Trump Administration Stonewalling Congress: ACS Resources


Attorney General William Barr’s refusal to comply with the House Judiciary Committee’s subpoena has set off debate over the limits of executive privilege. Writing for ACS’s Expert Forum, Professor Victoria Nourse explains that Supreme Court case law makes it clear Congress has the authority to subpoena any witness and hold them in contempt of Congress on any matter about which Congress could legitimately oversee the executive: “Given the breadth of Congress’s oversight powers, enforcing these subpoenas should be an easy case for any judge."

Related ACS resources on executive privilege and other issues affecting the disclosure of the unredacted Mueller Report and the underlying evidence

Analysis: In an article for Bloomberg, Alan Morrison, ACS Faculty Advisor at George Washington University Law, explains the intricacies of how the ongoing subpoena battle being fought on Capitol Hill will all play out.

Analysis: For more about executive privilege, read the joint ACS-CREW Presidential Investigation Education Project: Evidentiary Privileges Can Do Little to Block Trump-Related Investigations. It examines privilege doctrines raised by witnesses in the congressional and criminal investigations of President Trump and his associates—including executive privilege, attorney-client privilege, and the Fifth Amendment right against self-incrimination.

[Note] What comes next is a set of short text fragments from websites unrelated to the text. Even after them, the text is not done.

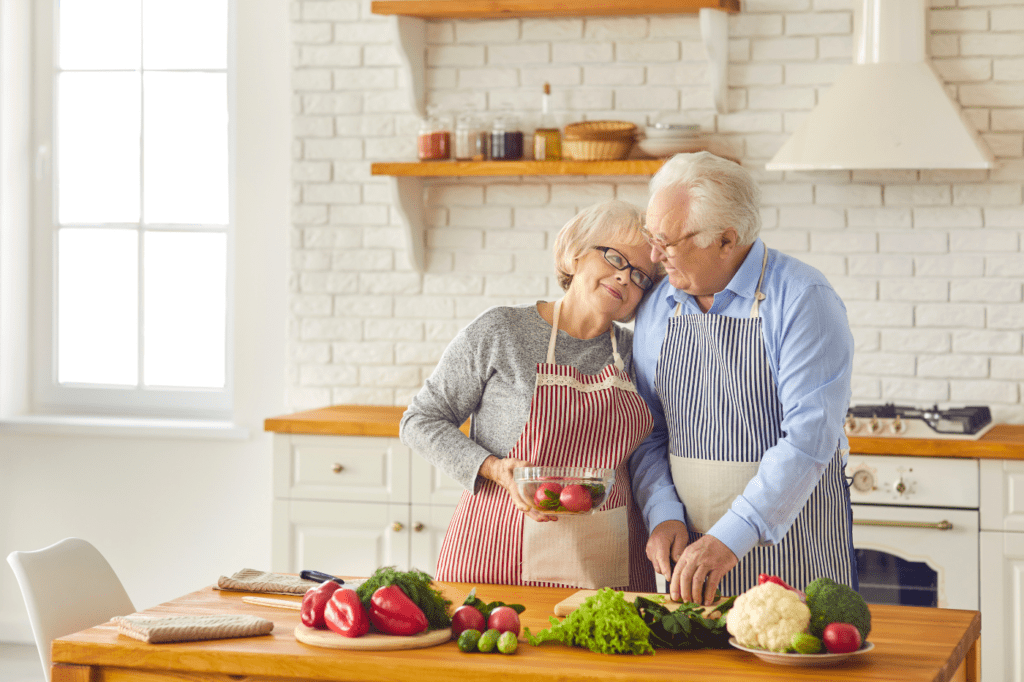 featured image for a blog post called Sustainable Cookware: 7 Reasons Why You Definitely Need It, showing an elderly couple cooking healthy food together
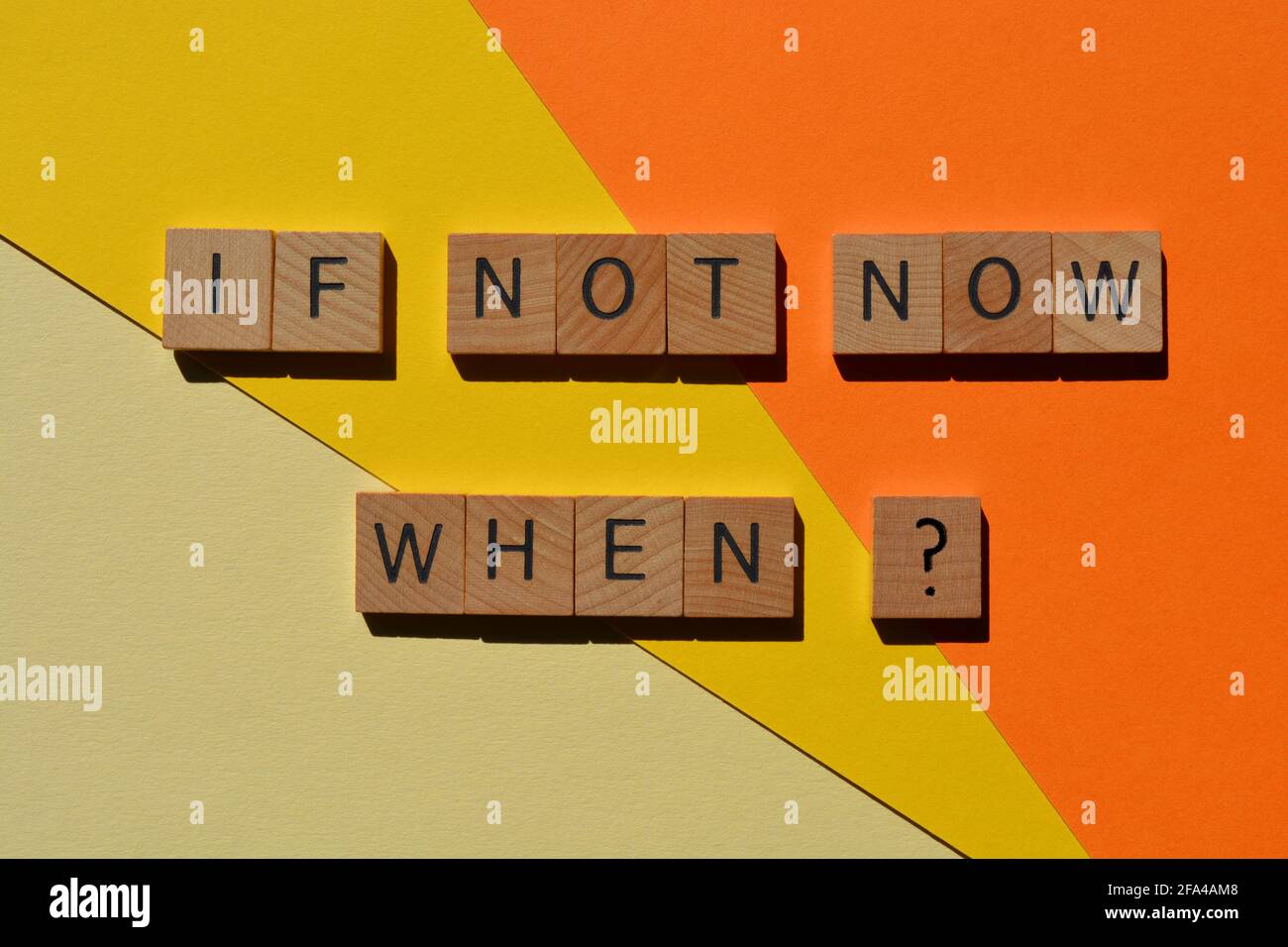 If Not Now When, motivational words in wooden alphabet letters isolated on yellow and orange background Stock Photo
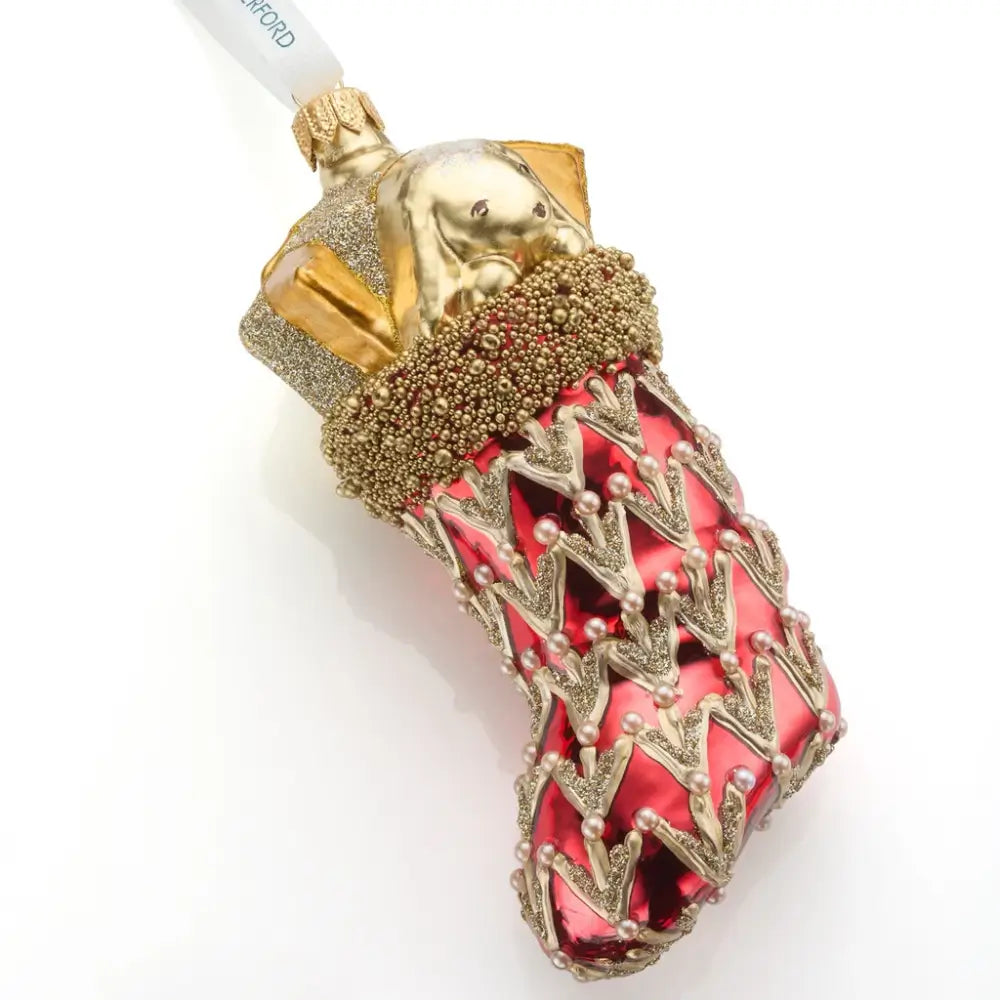 Decorative red stocking ornament with gold and red design on a white background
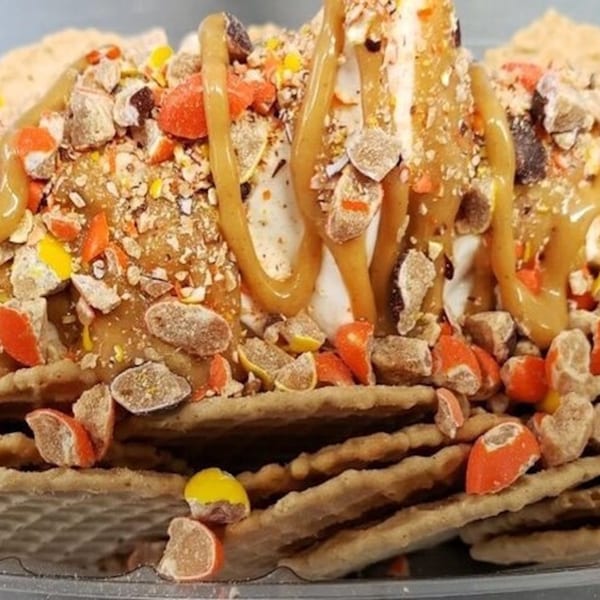 Sabor Ice Cream's dessert with caramel drizzle, candy, and nuts on a bed of waffle crisps.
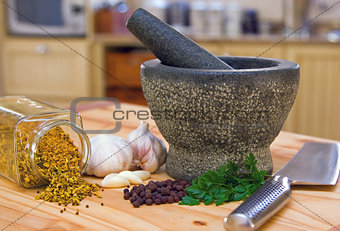 Kitchen scene showing a pestle and mortar and spices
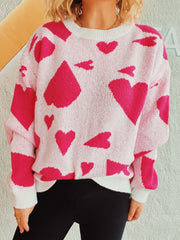 Heart motif knit sweater in white with hot pink hearts, crewneck, long sleeves.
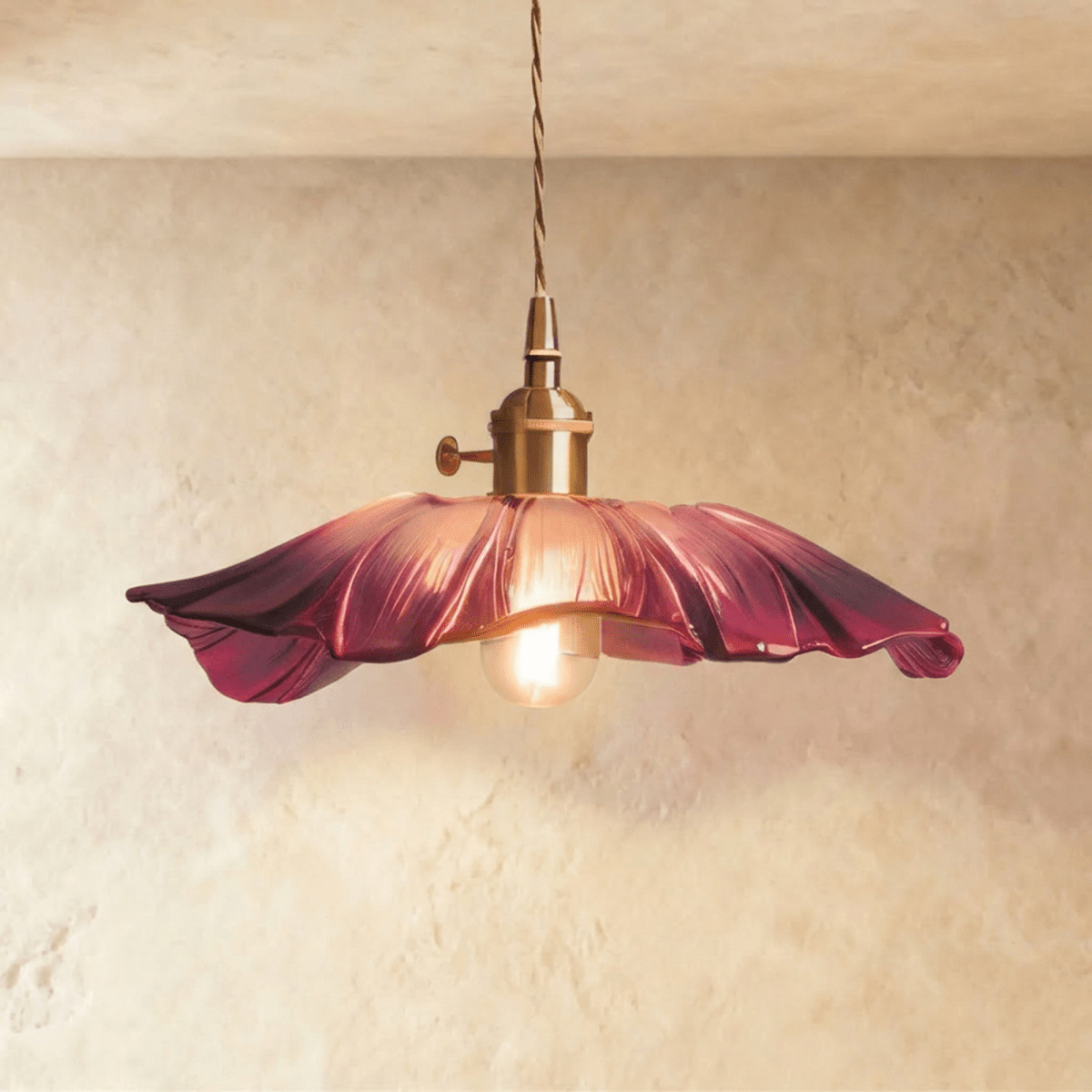 Clérachic wide magenta-purple glass pendant with a rippled edge on a brass holder, bulb softly lit, hung against limewash.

Podcast: ACS and Citizens for Responsibility and Ethics in Washington (CREW) hosted a discussion on April 5 about whether grand jury secrecy rules and executive privilege should operate as categorical bars to releasing the Mueller Report and related evidence.

Speakers include Barbara McQuade, Professor from Practice, University of Michigan Law School; former U.S. Attorney for the Eastern District of Michigan; and Andrew Wright, Senior Fellow and Founding Editor of Just Security; Associate Counsel to President Barack Obama.